彼の治世では、官僚派閥では老論派が権力を握っており、景宗は子を作る能力がないこともあって、異母弟の延礽君を次の国王に据えました。しかし老論派の一部が景宗の殺害を企てていたことが明らかになり、派閥は非難を浴びて没落。代わりに少論派が実権を握りました。
景宗の死にはいくつかの説があり、最も有名なものが当時の医学で「食い合わせが悪い」とされていたケジャン(ワタリガニの塩漬け)と柿を食べたため死んだというもの。
老論派によって暗殺されたという説もあります。
5. 徳川綱誠
草イチゴで食あたりし死亡
徳川綱誠は江戸時代の尾張藩第三代藩主。
初代藩主・徳川義直の『敬公御徳義』を撰述したり、『尾張風土記』の編纂に着手するなど、特に文化活動に功績を残しました。
死因は草イチゴを食べての食あたりであると言われますが、詳細は不明です。
6. ブローニュ伯ウスタシュ4世
ウナギを詰まらせて死亡
ウスタシュ4世はイングランド唯一のブロワ朝の国王スティーヴンとマチルダの長男で、ブローニュ伯。

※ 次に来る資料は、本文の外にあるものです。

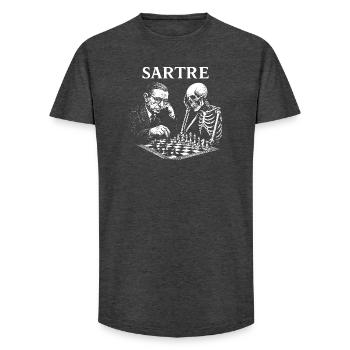 Sartre spielt Schach mit Skelett - Long Fit Männer T-Shirt - Anthrazit - Vorne - AI Model Male 185 light (185cm)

この時代は、父のスティーヴンとその姉のマティルダ一派との間で内戦が発生していた時期でした。ウスタシュ4世は父スティーヴンの後継者として期待されたものの、若くして死亡。スティーヴンは意気消沈し、マティルダの息子ヘンリ2世が即位し、プランタジネット朝が始まります。
ウスタシュ4世はウナギを喉に詰まらせて死んだという説があります。もし一匹のウナギがイングランドの運命を変えていたのなら大変面白いのですが、確証がありません。

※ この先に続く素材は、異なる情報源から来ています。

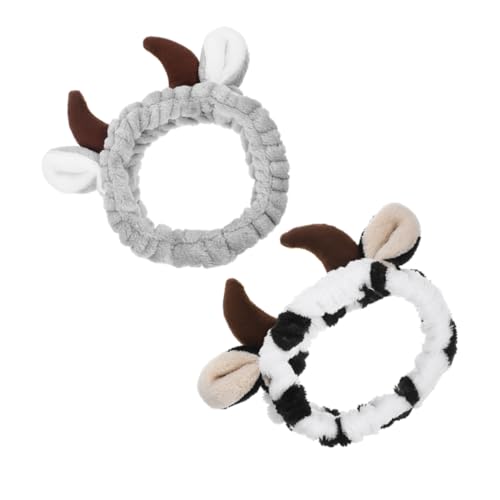 COSMEVIVI 2stücke Kuh Cosplay Zubehör Tierohren Haarband Für Halloween Und Kostüme Süßes Gesichtsbedeckung Für Spa Make-up Und Partys von COSMEVIVI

7. ウィンチェスター教区長ウィリアム・ステファンス
牡蠣に当たって死亡
ウィリアム・ステファンスはキリスト教の司祭としてキャリアを積み、1894年にウィンチェスター教区長に指名され、死ぬまでその職にあった人です。
彼は私財を投じ、ミッド・ラヴァント教会やウールブディング聖堂の再建、ウィンチェスター大聖堂の屋根の修理にも貢献し、篤志家としても厚い人望がありました。
1902年、ステファンスはウィンチェスターで開かれた市長の宴会に出席し、そこで牡蠣を食しました。ところが出された牡蠣に問題があり、出席者の多くが食中毒に。ステファンスも腸チフスにかかり、宴会から6週間後に死亡しました。
8. アメリカ合衆国大統領ザカリー・テイラー
暑い日にさくらんぼと牛乳を摂りすぎて死亡
ザカリー・テイラーはアメリカ合衆国第12代大統領。在職期間は1年4ヶ月に過ぎず、在職中に死去しています。
大統領の前は軍人で、米英戦争、インディアン戦争、米墨戦争に従軍し、特にインディアン征服に功績があり、少将にまで昇進しました。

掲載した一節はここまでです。